Die von Bundesinnenminister Alexander Dobrindt (CSU) angekündigten Zurückweisungen von Asylsuchenden an den Grenzen haben eine kontroverse Debatte ausgelöst. Unionsvertreter verteidigten am Donnerstag das Vorgehen - Kritik dagegen gab es aber auch aus den Reihen des Koalitionspartners SPD. Protest hatte es zuvor bereits aus den Nachbarländern Polen und Schweiz gegeben.
Dobrindt habe wie versprochen die "Asylwende" eingeleitet, sagte CSU-Chef Markus Söder in einem auf X veröffentlichten Video. Damit gelte wieder die Rechtslage wie vor dem Jahr 2015. "Es steht wieder das Recht an erster Stelle."
Der neue Bundesinnenminister hatte am Mittwoch nochmals verschärfte Grenzkontrollen angekündigt, um die Flüchtlingszahlen zu senken. Dazu sollen mehr Bundespolizisten an der Grenze stationiert und fortan auch Asylbewerber zurückgewiesen werden. Ausnahmen sollen es für Kinder und Schwangere geben.
Die stellvertretende SPD-Fraktionsvorsitzende Sonja Eichwede rechnete aber nicht damit, dass nun Asylsuchende im großen Stil zurückgewiesen werden. Dobrindt habe zwar den Ermessensspielraum für die Grenzbeamten ausgeweitet, sagte die Innen- und Rechtsexpertin im Deutschlandfunk. Die Zurückweisung bei Asylgesuchen bleibe jedoch "europarechtswidrig" und könne nur "in Absprache mit den europäischen Partnern erfolgen".
Die Polizisten an der Grenze würden die komplizierte Rechtslage bei Zurückweisungen kennen, sagte Eichwede, die vor ihrem Einzug in den Bundestag als Richterin tätig war. Dobrindt habe auch keine ausdrückliche "Anweisung an die Bundespolizei" erteilt zurückzuweisen. "Ich gehe davon aus, dass die Beamten an den Grenzen es deshalb weiterhin nicht tun werden."
Der Vorsitzender der Deutschen Polizeigewerkschaft (DPolG), Heiko Teggatz, sagte hingegen, aus seiner Sicht sei durch Dobrindts Vorgehen nun Rechtsklarheit hergestellt. Damit werde "die Bundespolizei konsequenter an den Grenzen zurückweisen können", sagte er der Zeitung "Welt" (Freitagausgabe). Deutschland habe auch mit sämtlichen Anrainerstaaten dafür Rücknahme-Vereinbarungen. Damit könne die Bundespolizei Zurückweisungen vornehmen, "bis möglicherweise ein Gericht etwas anderes entscheidet".

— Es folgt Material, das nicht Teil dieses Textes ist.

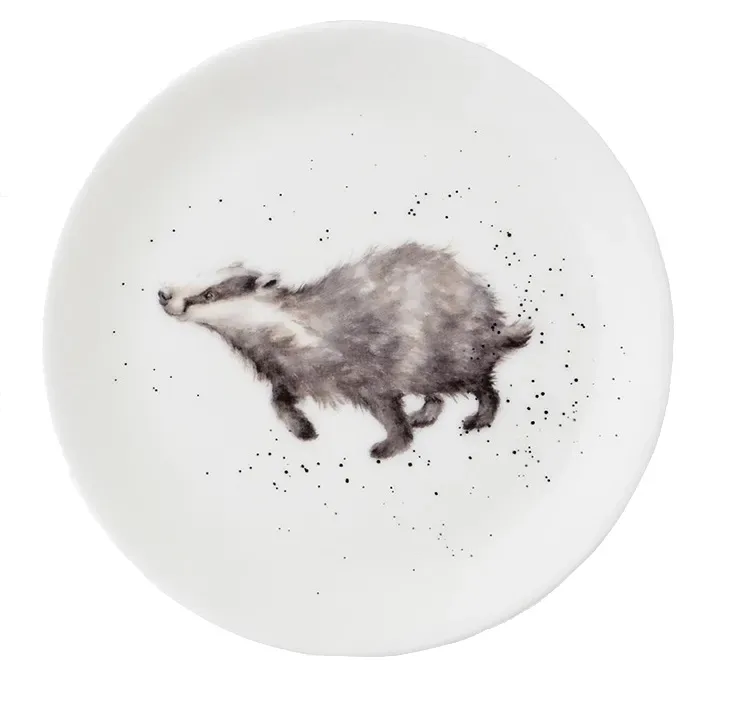 Royal Worcester Тарелка Wrendale Designs 21см завтраковая борсук PT-WNB5658-XB-A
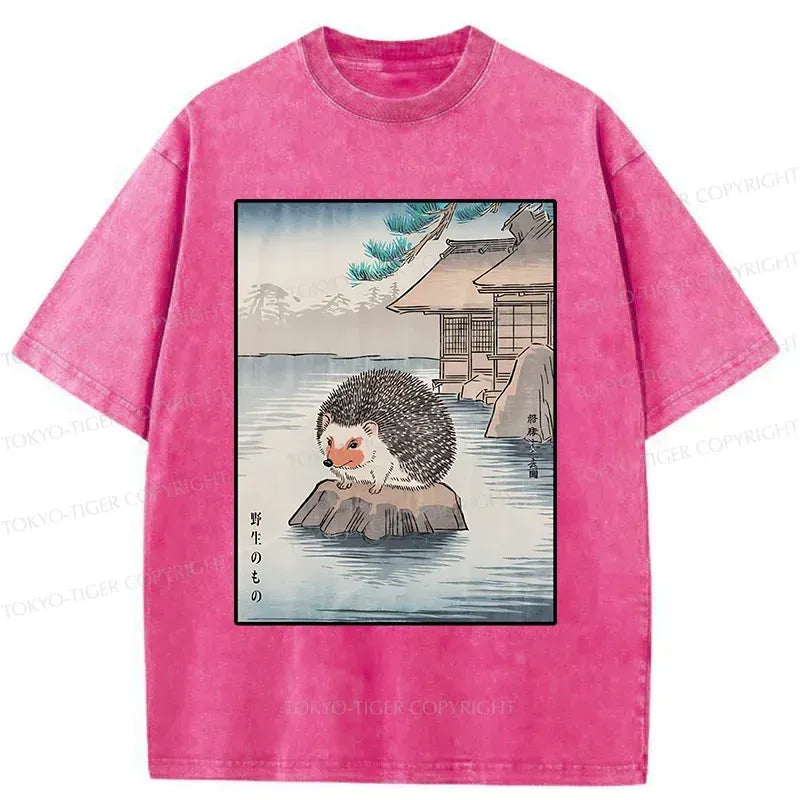 Japanese Washed T-Shirt for Daily Wear
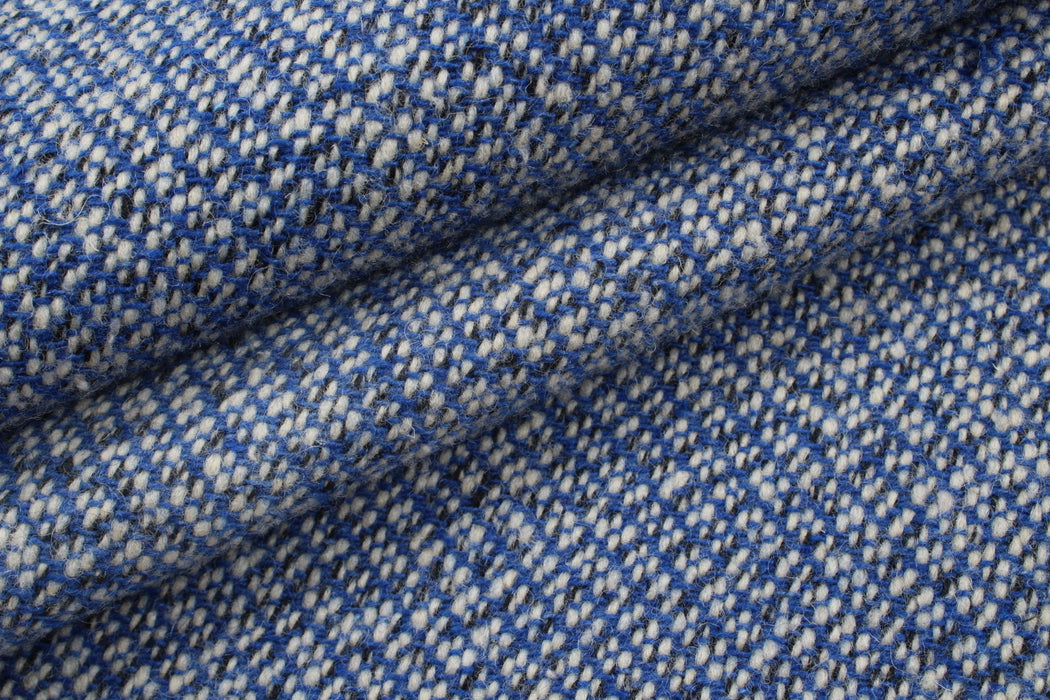 Recycled Wool Blend - Diagonal Stripes-Fabric-FabricSight
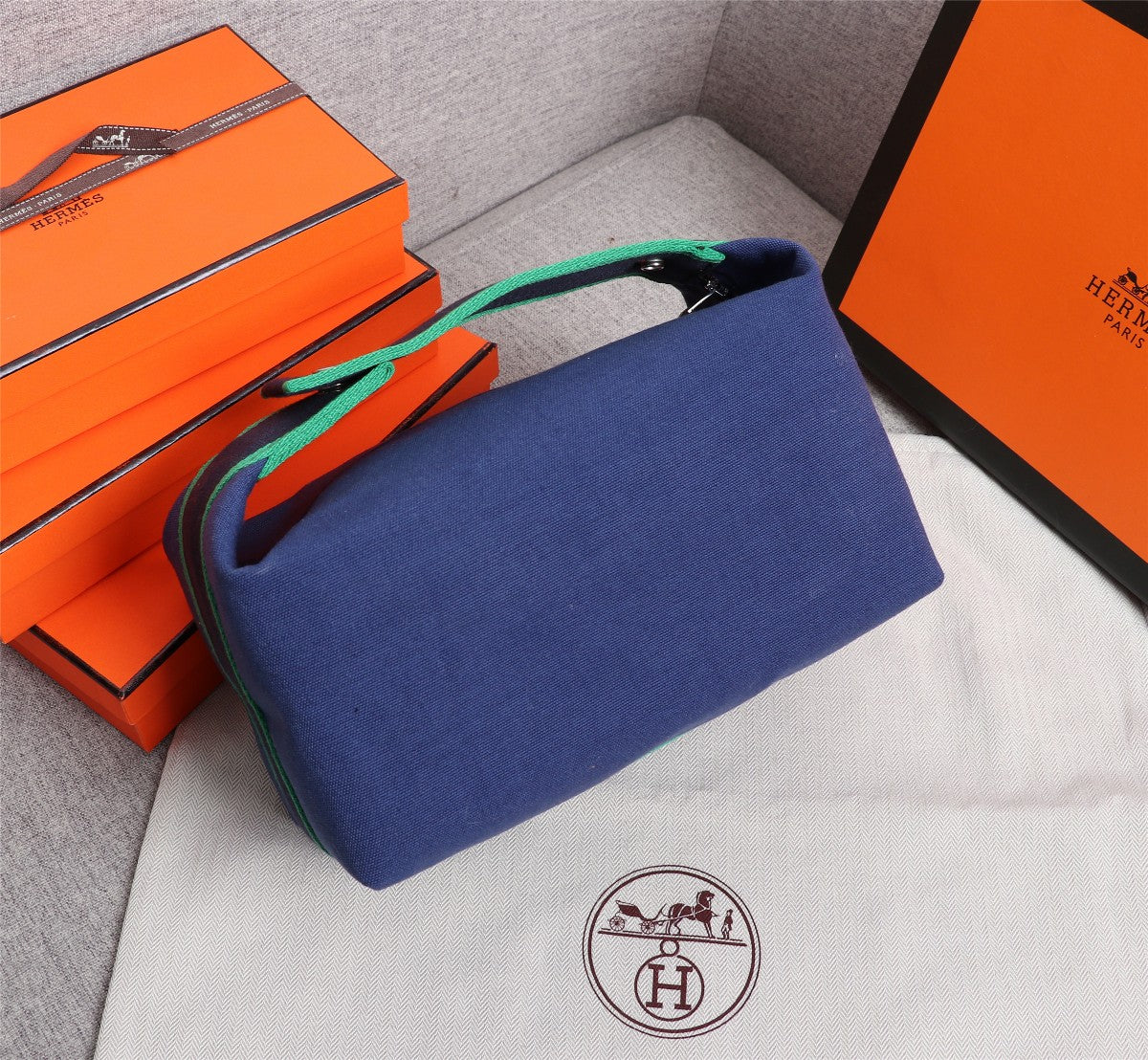 Hermes Bride-A-Brac 21 Azure Canvas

Nach Dorbrindts Ankündigung hatte es allerdings umgehend Kritik aus Nachbarstaaten gegeben. Die schweizerische Regierung erklärte, systematische Zurückweisungen an der Grenze verstießen "gegen geltendes Recht". Sie bedauerte die "ohne Absprache" getroffenen Maßnahmen. Polens Ministerpräsident Donald Tusk sagte beim Antrittsbesuch von Kanzler Friedrich Merz (CDU), sein Land werde nicht akzeptieren, dass andere Staaten Gruppen von Migranten nach Polen schickten.
Bundesaußenminister Johann Wadephul (CDU) versicherte darauf am Donnerstag, dass Deutschland eine Verschärfung der Migrationspolitik nicht gegen den Willen des Nachbarlands Polen durchsetzen werde. "Das werden wir natürlich miteinander besprechen", sagte Wadephul im Deutschlandfunk. Die Bundesregierung werde hier "Schritt für Schritt" vorgehen. Änderungen erfolgten dabei "bewusst und auch bedacht" und "immer in Abstimmung mit europäischen Freunden und Kollegen".

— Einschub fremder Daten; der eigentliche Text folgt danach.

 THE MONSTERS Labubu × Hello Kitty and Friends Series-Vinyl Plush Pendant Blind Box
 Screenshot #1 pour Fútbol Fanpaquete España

Grünen-Chefin Franziska Brantner kritisierte die Zurückweisung von Asylsuchenden. Es sei "nicht akzeptabel", wenn Deutschland nicht mit den Nachbarländern gemeinsam handele, sagte sie den Sendern RTL und ntv. Auch die Wirtschaft werde unter ausgeweiteten Grenzkontrollen leiden. Zudem frage sie sich, "wo diese ganzen vielen Beamten (...) abgezogen werden, die jetzt an die Grenze kommen." Für ein "Signal an der Grenze" würden sie nun an Bahnhöfen, Flughäfen und anderen Kriminalitätsschwerpunkten fehlen.
AfD-Parlamentsgeschäftsführer Bernd Baumann warf Kanzler Merz im Sender Welt TV "eine große Täuscherei" vor. Denn dieser habe "ausdrücklich nicht umgesetzt, was er im Wahlkampf versprochen hatte: Zurückweisung aller Asylmigranten an den Grenzen".
Die Flüchtlingshilfeorganisation Pro Asyl kritisierte unter Berufung auf eigene Beobachtungen an der deutsch-polnischen Grenze, dass es dort schon vor Dobrindts Ankündigungen "rechtswidrige Zurückweisungen" gegeben habe - "auch von besonders schutzbedürftigen Menschen". Betroffene seien nach eigenen Angaben auf die polnische Seite zurückgeschickt worden, obwohl sie versucht hätten, einen Asylantrag zu stellen.